Durante décadas foi “moda” no Ocidente (imprensa, rádio e televisão) criticar a Rússia, por causa do seu regime totalitário, de raiz supostamente marxista… Depois, uma vez caído o totalitarismo, com vários pretextos, sendo uns mais “aceitáveis” do que outros, voltou a ser “moda” criticar a Rússia, orquestrar contra ela provocações militares (NATO), ameaçá-la, na geografia do continente europeu, com o isolamento e, novamente, imprensa, rádio e televisão apontam os holofotes da crítica na sua direcção!
Neste mesmo contexto, e sem pestanejar, venho aqui declarar que, independentemente de regimes e circunstâncias políticas da “moda”, eu faço parte da multidão de ocidentais que têm uma dívida de gratidão para com a Rússia… Explico já a seguir…
Na Rússia, o poeta e o escritor são efectivo “Estado” alternativo ao despotismo imperial do Czar (“branco” e, depois, “vermelho”), e um factor de cristianização ou humanismo militante no seio da barbárie asiática. Desde o século XVIII que os grandes autores, antes de se tornarem parte integrante da cultura multifacetada da Rússia, foram perseguidos, proibidas e censuradas as suas obras e, por fim, eles próprios humilhados e aprisionados pelos sucessivos “senhores” do Kremlin…
O isolamento e as numerosas punições sofridas pelo poeta Aleksander Puchkine (1799-1837), o contínuo desespero do escritor Nikolai Gogol (1809-1852), a prisão e deportação para a Sibéria de Dostoievski (1821-1881), a luta do grande escritor Leão Tolstoi (1828-1910) contra a censura, pela liberdade de opinião e pela emancipação do campesinato, então sujeito a uma vida mergulhada no servilismo feudal, as perseguições e humilhações sofridas por Mikail Bulgakov (1891-1940) sob o estalinismo, as censuras, proibições e perseguições sobre o escritor Boris Pasternak (1890-1960), prémio Nobel em 1958 e, entre muitos outros, tudo o que sofreu o escritor, e prémio Nobel em 1970, Soljenitzyne (1918-2008), dizem-me que a criação literária russa partilhou a universalidade da dor humana com tal intensidade que a alma, dilacerando-se numa contínua interrogação sobre o seu destino terreno, fez desta mesma criação um território de liberdade e de profunda espiritualidade… que o Kremlin odiou e perseguiu!
Foi, pois, nesta linha de pensamento que escreveu Dostoievski, transformando a maior parte dos seus romances num diálogo interior: - O mundo da obra Crime e Castigo ou do romace Irmãos Karamazové a alma humana…e as suas inquietações.
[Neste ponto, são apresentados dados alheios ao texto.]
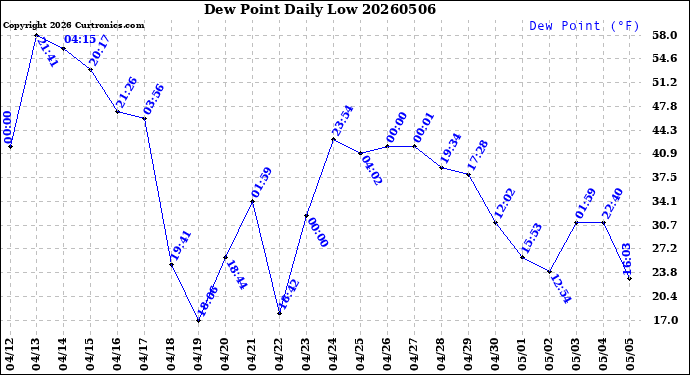 Milwaukee Weather Dew Point<br>Daily Low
A natureza quase desaparece em grande parte das suas obras. A alma, com as suas apoquentações, a sua desordem, visões, interrogações e crises de Fé, eis a grande e exclusiva problemática do escritor russo.
Mas também, e de forma avassaladora, são território da alma humana o mundo literário de Gogol, Puchkine, Pasternak e Soljenitzyne (nomeadamente com a obra O Pavilhão dos Cancerosos). Neste sentido, posso dizer, sem grande margem de erro, que a literatura russa partilha, através da inquietação, da interrogação e da Fé na redenção da consciência humana, o mesmo destino que a Grécia clássica.
Na verdade, sem este grande serviço prestado pela literatura russa, nós teríamos penado muito mais para apreender o imenso reportório que habita alma humana, bem como a sua universalidade… Entre muitas outras obras, não conseguiremos imaginar a “paisagem” da nossa consciência cristã, mesmo quando não somos mais religiosos, sem recorrer ao romance Guerra e Paz, de Leão Tolstoi.
A existência humana é bastante dolorosa, porque encerra obrigatoriamente muita luta, muita dor, muita decepção e, ao mesmo tempo, requer muita Fé. Por isso, do fundo da nossa consciência transbordante de memórias, boas e más, deverá erguer-se um sentimento de gratidão à grande literatura russa e seu misterioso destino no seio da alma humana, esta candeia bruxuleante, mas sempre pronta a descobrir novos caminhos da Fé e da Esperança.